2

I am trying to load a database from my python code which contains a list of dictionaries. For each item of the list the dictionary contains the name of a file a sub-list which contains n different dictionaries which a file name and data which is a numpy matrix of size 40x40x3 and correspond to an image. I want inside a for loop store all those images in a numpy file which size Nx40x40x3.

for item in dataset: 
    print item["name"] # the name of the list
    print item["data"] # a list of dictionaries
    for row in item["data"]:
      print row["sub_name"] # the name of the image
      print row["sub_data"] # contains an numpy array (my image) 

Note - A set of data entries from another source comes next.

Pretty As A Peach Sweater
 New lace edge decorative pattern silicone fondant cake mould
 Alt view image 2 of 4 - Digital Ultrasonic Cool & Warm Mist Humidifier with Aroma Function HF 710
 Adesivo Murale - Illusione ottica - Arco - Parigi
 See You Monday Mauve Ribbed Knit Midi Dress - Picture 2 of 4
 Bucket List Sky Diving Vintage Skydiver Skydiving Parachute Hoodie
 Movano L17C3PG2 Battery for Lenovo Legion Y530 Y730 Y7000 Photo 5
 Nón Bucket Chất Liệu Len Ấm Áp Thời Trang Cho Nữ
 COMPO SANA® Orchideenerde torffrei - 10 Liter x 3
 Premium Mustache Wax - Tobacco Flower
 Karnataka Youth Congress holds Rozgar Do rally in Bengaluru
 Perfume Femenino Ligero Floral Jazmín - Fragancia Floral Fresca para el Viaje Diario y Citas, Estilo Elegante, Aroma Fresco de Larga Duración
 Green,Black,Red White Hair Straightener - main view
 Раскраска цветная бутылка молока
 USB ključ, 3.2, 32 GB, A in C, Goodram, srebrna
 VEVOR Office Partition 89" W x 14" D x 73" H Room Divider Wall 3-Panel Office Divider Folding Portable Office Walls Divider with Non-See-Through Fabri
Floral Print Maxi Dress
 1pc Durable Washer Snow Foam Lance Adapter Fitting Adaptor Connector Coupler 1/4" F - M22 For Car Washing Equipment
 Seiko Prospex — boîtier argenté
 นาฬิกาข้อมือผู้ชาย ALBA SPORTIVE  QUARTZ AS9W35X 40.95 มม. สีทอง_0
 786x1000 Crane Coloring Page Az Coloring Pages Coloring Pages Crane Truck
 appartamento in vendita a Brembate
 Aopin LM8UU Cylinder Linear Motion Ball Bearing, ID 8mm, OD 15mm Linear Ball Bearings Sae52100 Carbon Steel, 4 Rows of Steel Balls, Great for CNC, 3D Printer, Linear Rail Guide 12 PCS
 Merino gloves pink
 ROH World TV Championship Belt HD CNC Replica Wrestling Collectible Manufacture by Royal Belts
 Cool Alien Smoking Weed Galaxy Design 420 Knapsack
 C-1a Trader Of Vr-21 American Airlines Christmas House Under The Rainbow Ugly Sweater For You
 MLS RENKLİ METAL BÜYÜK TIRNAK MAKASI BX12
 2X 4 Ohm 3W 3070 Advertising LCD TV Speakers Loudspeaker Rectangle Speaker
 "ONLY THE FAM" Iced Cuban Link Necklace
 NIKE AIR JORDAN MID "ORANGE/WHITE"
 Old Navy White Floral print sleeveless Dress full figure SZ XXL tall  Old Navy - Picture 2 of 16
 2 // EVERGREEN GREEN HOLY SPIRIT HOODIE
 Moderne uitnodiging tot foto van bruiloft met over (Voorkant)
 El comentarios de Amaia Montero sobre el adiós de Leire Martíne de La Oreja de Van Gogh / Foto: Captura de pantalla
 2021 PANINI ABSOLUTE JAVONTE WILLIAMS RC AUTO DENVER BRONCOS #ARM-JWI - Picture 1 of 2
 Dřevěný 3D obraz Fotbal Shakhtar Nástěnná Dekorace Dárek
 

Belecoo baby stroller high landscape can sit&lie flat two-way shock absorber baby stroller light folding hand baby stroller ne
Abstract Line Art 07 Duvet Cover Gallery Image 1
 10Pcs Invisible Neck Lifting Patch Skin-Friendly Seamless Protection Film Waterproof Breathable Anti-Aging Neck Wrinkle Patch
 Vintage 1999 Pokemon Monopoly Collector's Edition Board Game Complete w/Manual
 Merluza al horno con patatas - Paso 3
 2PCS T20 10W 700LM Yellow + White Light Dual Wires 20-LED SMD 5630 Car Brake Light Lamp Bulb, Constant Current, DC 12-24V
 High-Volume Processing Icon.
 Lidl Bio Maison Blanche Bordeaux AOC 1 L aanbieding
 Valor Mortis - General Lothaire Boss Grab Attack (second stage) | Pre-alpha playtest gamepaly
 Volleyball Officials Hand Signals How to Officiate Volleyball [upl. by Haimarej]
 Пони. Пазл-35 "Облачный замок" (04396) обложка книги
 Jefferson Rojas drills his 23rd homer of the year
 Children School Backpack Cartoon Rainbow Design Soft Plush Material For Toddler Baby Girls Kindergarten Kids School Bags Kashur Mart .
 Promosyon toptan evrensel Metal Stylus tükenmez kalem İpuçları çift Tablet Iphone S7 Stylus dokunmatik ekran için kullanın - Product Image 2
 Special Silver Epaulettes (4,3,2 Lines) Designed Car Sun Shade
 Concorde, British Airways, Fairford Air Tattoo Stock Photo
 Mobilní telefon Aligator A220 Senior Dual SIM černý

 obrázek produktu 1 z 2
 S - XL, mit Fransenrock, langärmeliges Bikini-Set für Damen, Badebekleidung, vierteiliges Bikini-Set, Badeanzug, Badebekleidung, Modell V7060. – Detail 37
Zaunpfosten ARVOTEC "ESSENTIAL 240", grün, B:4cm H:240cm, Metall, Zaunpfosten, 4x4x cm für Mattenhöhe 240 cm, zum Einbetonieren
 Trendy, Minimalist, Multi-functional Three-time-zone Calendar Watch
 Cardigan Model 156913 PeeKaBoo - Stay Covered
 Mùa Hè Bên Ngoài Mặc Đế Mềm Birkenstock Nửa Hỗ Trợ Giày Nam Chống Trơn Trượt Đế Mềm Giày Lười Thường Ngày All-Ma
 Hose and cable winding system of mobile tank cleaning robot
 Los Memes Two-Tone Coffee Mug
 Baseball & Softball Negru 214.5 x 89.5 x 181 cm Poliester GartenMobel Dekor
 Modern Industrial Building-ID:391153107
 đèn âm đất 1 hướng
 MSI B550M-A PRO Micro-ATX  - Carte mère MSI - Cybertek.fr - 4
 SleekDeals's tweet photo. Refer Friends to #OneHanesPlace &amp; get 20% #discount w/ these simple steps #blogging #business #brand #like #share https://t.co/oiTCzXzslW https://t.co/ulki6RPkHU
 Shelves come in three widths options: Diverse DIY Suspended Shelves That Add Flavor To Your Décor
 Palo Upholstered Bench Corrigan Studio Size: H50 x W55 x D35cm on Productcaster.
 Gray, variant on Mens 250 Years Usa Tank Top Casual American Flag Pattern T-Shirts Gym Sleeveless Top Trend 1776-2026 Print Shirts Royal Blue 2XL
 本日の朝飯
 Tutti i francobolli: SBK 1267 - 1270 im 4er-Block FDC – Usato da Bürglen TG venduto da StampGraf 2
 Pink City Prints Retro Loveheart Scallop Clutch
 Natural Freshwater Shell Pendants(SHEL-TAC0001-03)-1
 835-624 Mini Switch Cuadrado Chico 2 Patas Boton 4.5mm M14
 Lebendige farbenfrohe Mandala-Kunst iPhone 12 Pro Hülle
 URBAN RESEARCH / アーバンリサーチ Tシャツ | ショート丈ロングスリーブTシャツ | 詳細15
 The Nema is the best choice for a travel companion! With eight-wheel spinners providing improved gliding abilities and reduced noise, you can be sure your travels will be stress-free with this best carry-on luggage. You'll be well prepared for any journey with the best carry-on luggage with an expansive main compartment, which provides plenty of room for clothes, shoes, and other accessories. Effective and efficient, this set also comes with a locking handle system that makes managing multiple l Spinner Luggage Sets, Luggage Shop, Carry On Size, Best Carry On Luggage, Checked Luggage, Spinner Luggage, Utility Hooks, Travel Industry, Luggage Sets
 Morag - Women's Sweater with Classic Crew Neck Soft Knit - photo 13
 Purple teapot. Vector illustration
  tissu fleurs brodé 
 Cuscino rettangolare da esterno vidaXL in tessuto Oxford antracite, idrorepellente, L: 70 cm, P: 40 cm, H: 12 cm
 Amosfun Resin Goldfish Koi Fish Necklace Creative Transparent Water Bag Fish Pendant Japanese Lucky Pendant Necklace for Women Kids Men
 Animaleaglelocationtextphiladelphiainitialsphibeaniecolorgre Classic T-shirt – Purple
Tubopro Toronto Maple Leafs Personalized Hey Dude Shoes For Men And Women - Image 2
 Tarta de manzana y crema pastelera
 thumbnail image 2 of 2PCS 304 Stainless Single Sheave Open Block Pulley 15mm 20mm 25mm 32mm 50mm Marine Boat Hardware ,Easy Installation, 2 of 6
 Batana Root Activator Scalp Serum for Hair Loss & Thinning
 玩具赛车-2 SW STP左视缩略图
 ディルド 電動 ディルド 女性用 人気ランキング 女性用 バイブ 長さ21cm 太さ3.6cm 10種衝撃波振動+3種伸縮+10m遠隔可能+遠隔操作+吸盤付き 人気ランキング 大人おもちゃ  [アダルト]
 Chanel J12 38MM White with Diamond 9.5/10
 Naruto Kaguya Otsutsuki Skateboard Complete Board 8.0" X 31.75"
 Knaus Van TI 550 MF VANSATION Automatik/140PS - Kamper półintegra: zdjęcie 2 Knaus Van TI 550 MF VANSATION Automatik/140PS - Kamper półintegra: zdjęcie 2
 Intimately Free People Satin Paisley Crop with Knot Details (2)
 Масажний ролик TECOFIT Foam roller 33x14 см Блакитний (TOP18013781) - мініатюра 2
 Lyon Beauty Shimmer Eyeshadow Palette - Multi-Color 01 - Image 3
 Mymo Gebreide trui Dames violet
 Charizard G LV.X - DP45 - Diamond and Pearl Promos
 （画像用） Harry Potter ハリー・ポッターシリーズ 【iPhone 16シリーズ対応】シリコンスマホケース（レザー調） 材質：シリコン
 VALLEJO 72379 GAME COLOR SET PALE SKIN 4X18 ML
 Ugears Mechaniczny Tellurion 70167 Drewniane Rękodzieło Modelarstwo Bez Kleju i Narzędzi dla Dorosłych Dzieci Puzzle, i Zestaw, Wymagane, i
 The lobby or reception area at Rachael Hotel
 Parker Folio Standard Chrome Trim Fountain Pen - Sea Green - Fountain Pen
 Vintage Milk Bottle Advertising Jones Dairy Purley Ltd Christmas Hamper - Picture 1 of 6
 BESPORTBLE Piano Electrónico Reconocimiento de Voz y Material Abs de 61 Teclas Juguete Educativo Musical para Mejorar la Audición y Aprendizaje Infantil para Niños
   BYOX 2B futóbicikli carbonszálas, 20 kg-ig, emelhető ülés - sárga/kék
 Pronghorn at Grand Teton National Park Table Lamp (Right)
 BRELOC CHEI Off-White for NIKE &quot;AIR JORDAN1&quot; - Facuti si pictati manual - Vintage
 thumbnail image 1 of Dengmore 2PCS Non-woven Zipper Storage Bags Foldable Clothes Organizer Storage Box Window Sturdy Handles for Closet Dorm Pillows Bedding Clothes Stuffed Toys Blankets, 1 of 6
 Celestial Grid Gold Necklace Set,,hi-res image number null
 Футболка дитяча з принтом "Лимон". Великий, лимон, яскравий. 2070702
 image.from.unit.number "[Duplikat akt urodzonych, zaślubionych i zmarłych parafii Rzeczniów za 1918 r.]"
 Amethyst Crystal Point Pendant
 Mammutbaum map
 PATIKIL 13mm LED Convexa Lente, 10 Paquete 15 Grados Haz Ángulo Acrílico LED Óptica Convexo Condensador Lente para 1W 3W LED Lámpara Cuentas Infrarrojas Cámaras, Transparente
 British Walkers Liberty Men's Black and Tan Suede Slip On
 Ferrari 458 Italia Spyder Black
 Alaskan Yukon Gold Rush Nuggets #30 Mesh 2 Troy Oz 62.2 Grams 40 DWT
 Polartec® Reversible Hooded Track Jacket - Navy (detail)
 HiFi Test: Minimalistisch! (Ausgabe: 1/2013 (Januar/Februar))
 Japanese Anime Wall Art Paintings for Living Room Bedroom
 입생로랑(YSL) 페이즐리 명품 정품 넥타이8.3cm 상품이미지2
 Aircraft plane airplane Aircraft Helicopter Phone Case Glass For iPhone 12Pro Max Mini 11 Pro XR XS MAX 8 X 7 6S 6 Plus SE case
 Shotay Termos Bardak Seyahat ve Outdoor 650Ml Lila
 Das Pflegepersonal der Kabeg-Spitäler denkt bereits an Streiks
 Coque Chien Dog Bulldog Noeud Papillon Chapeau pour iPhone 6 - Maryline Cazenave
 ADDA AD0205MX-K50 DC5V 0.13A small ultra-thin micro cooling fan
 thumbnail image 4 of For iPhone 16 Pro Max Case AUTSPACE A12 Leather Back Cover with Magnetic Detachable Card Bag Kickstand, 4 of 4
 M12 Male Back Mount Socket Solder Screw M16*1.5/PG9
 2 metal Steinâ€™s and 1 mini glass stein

How cam I construct a numpy array and add all the images?

Jose Ramon
  • 5,572
  • 25
  • 76
  • 152

2 Answers2

2

NumPy arrays have fixed sizes, so unless you know the size upfront you have to use something that can change sizes, like python lists.

import numpy as np

images = []

for item in dataset:
    for row in item["data"]:
        images.append(row["sub_data"]) # Add to list

images = np.array(images) # Convert list to np.array()
Aaron N. Brock
  • 4,276
  • 2
  • 25
  • 43
  • I think you meant something like "NumPy arrays have fixed sizes". They're not immutable. – user2357112 May 02 '18 at 17:22
  • 1
    Alternatively, you could first get the necessary size of the array, then fill it – P. Camilleri May 02 '18 at 17:31
  • Although, now that you've provided that link, the second answer reminds me that under very specific conditions, it is [technically possible](https://docs.scipy.org/doc/numpy/reference/generated/numpy.ndarray.resize.html) to resize some NumPy arrays. It's limited, its efficiency is unpredictable (because it depends on whether realloc has to copy), it's incompatible with PyPy, and it's overall a worse option than presizing the array or using a list, but the option technically exists. – user2357112 May 02 '18 at 17:42
  • In the end the size of the converted list is (N, ) instead of (N, 28x28x3). – Jose Ramon May 02 '18 at 17:54
  • @P.Camilleri you are correct, I added a different answer where I do it that way, good catch though! – Aaron N. Brock May 02 '18 at 17:55
  • 1
    @JoseRamon I believe that means your data isn't all the same shape, it worked using my example data. – Aaron N. Brock May 02 '18 at 17:59
  • @JoseRamon [Here's a repl.it of my example](https://repl.it/repls/VagueMajorClient) – Aaron N. Brock May 02 '18 at 18:00
  • Yes you are right I found out that one of the images had different size. – Jose Ramon May 02 '18 at 18:07
2

In order to do this you would either need to use a datatype that's size can be mutated as I did in my other answer or you could also figure out how many images you have before defining the array. (As suggested by @P.Camilleri)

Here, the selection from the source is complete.